Paneloux, sacerdote en una iglesia cristiana del pueblo, quien habla de la peste como una consecuencia de Dios y de sus decisiones, probablemente como castigo para el pueblo que no ha querido hacer su voluntad.



Grand, un misterioso personaje de quien solo se sabe, hacia la mitad del relato, que se está dedicando, encerrado en su habitación, a escribir una novela que haga que los editores «se quiten el sombrero».



Rambert, un periodista que no es oriundo de la ciudad, y cuya joven mujer se halla fuera.

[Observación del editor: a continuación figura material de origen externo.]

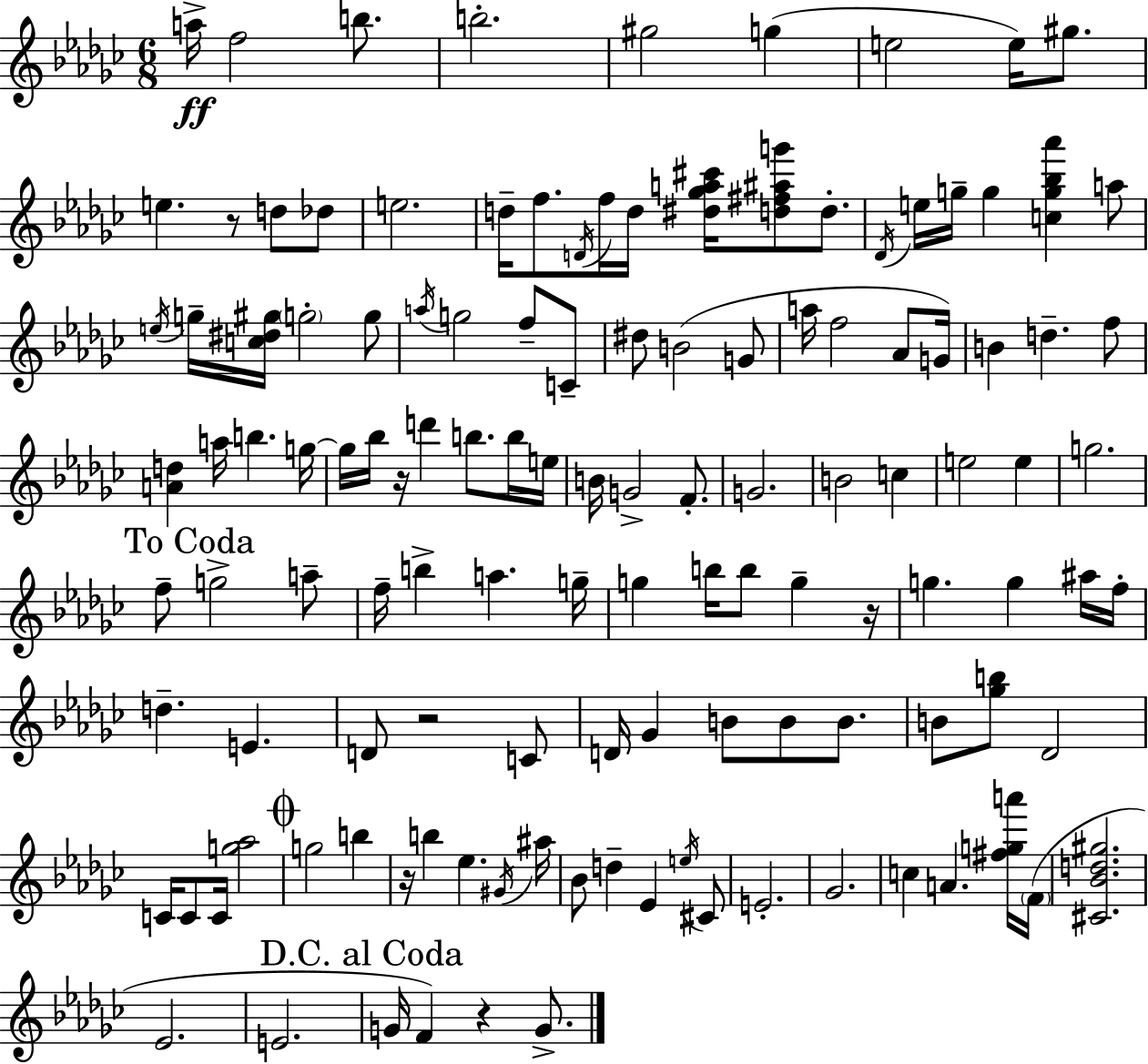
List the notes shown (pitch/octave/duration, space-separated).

A5/s F5/h B5/e. B5/h. G#5/h G5/q E5/h E5/s G#5/e. E5/q. R/e D5/e Db5/e E5/h. D5/s F5/e. D4/s F5/s D5/s [D#5,Gb5,A5,C#6]/s [D5,F#5,A#5,G6]/e D5/e. Db4/s E5/s G5/s G5/q [C5,G5,Bb5,Ab6]/q A5/e E5/s G5/s [C5,D#5,G#5]/s G5/h G5/e A5/s G5/h F5/e C4/e D#5/e B4/h G4/e A5/s F5/h Ab4/e G4/s B4/q D5/q. F5/e [A4,D5]/q A5/s B5/q. G5/s G5/s Bb5/s R/s D6/q B5/e. B5/s E5/s B4/s G4/h F4/e. G4/h. B4/h C5/q E5/h E5/q G5/h. F5/e G5/h A5/e F5/s B5/q A5/q. G5/s G5/q B5/s B5/e G5/q R/s G5/q. G5/q A#5/s F5/s D5/q. E4/q. D4/e R/h C4/e D4/s Gb4/q B4/e B4/e B4/e. B4/e [Gb5,B5]/e Db4/h C4/s C4/e C4/s [G5,Ab5]/h G5/h B5/q R/s B5/q Eb5/q. G#4/s A#5/s Bb4/e D5/q Eb4/q E5/s C#4/e E4/h. Gb4/h. C5/q A4/q. [F#5,G5,A6]/s F4/s [C#4,Bb4,D5,G#5]/h. Eb4/h. E4/h. G4/s F4/q R/q G4/e.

Cuando deciden el aislamiento de la ciudad, este hombre buscará los medios para evadirse y reencontrarse con su amada, aunque, enterado de que Rieux está en una situación parecida, decida luego vincularse al equipo de saneamiento.



Tarrou, quien es un cronista dedicado a observar las costumbres de algunos habitantes de Orán y registrarlas en sus apuntes.



Castel, un médico mayor que reconoce, desde los primeros momentos, que la enfermedad puede tratarse de la peste. Sus conocimientos se aplicarán a las medidas

que toma la prefectura y al desarrollo de una posible cura de la enfermedad. •

Cottard, un pobre hombre que ha sufrido de angustias y que decide ahorcarse, aunque una intervención en el momento justo lo salva de morir. El doctor Rieux se ve obligado a denunicra este hecho ante la policía, razón por la cual Cottard sentirá temor de que lo condenen.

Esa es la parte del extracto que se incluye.